Lem a écrit :
a) je n'ai pas de stratégie de légitimation ; j'ai une stratégie de réintégration (qu'on peut voir aussi à l'œuvre dans la Brigade chimérique où je ne distingue plus entre fiction et essai).Je pense que le moment est venu de réintégrer la SF, au sens le plus large, dans l'horizon normal de la culture française. Dans les faits, je pense que cette réintégration est déjà pratiquement accomplie. Il ne reste plus qu'à la formuler à haute voix.
Oh, on est d'accord là-dessus, sans jouer sur les mots. Le problème est que nous ne souhaitons sans doute pas "réintégrer" les mêmes objets. Cela dit, cela se fera en grande partie de façon incontrôlée.
(Je comprends qu'on ne soit pas d'accord avec ce but, voire qu'on le juge néfaste. Ce que je juge néfaste, de mon côté, c'est la lente agonie du genre, son manque d'ouverture et son refus de se relier.
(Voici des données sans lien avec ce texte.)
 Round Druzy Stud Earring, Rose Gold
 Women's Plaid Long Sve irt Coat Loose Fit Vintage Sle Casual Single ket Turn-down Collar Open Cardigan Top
Chacun ses analyses et ses modes d'action, et on verra bien au final ce qui devait marcher.)
(je trouve pas ça néfaste, mais je ne vois pas trop le rapport avec la "mort" de la SF. Enfin bon, chacun ses trucs).
b) Je mélange les genres parce que la culture SF mélange les genres.
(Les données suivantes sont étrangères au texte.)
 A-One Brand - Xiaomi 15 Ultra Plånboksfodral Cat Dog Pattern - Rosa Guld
je ne dis pas que tu mélanges les genres, mais que tu mélanges les choses.
Si tu mets en avant Verne et que tu donnes ensuite à lire Jeury, ou Carsac, ou Lehman, ben le lecteur risque d'avoir l'impression que tu lui as vendu autre chose que prévu.
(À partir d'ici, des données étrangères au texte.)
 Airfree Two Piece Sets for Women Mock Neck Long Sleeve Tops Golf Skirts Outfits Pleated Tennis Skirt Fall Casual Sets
Le point de contact entre Verne et la SF est ténu, au point d'en paraître forcé.
je ne dis pas que c'est interdit ou impossible, juste inutile.
c) J'insiste sur les classiques historiques (Verne, Blake et Mortimer, etc.) non parce qu'ils sont encore fertiles aujourd'hui et constituerait une porte d'entrée obligatoire pour comprendre l'état actuel de la SF, mais parce qu'en vertu d'un tropisme français que je pressens (que je ne peux pas prouver), il me semble que le sentiment – même récursif – d'avoir été acteur de cette histoire vieille de plus d'un siècle est une figure imposée de la réintégration. Je valorise donc particulièrement les moments et les acteurs historiques qui peuvent nourrir le sentiment que la branche française de Notre Club a joué son rôle tout le long du processus. Je n'invente rien. Je choisis l'endroit où je pose ma caméra, et le paysage change d'aspect.
En toute honnêteté, le point de divergence entre nous est bien ce "je n'invente rien".
La caméra symbolise bien plus à mes yeux la possibilité d'une manipulation du réel, des montages et des effets spéciaux, qu'une vision sans médiation de la réalité nue.
D'autant plus qu'il est question d'Histoire et que le matériau historique, quoique résistant, est toujours susceptible d'être réinterprété.
La branche française n'a pas eu grand-chose à voir avec la science fiction et assez peu avec la science-fiction. Ce n'est pas en jouant sur la fibre nationale qu'on arrivera à réintégrer la science-fiction, d'autant plus que la réintégration de l'imagination scientifique n'est déjà pas gagnée.
Ce dont on ne peut parler, il faut le faire.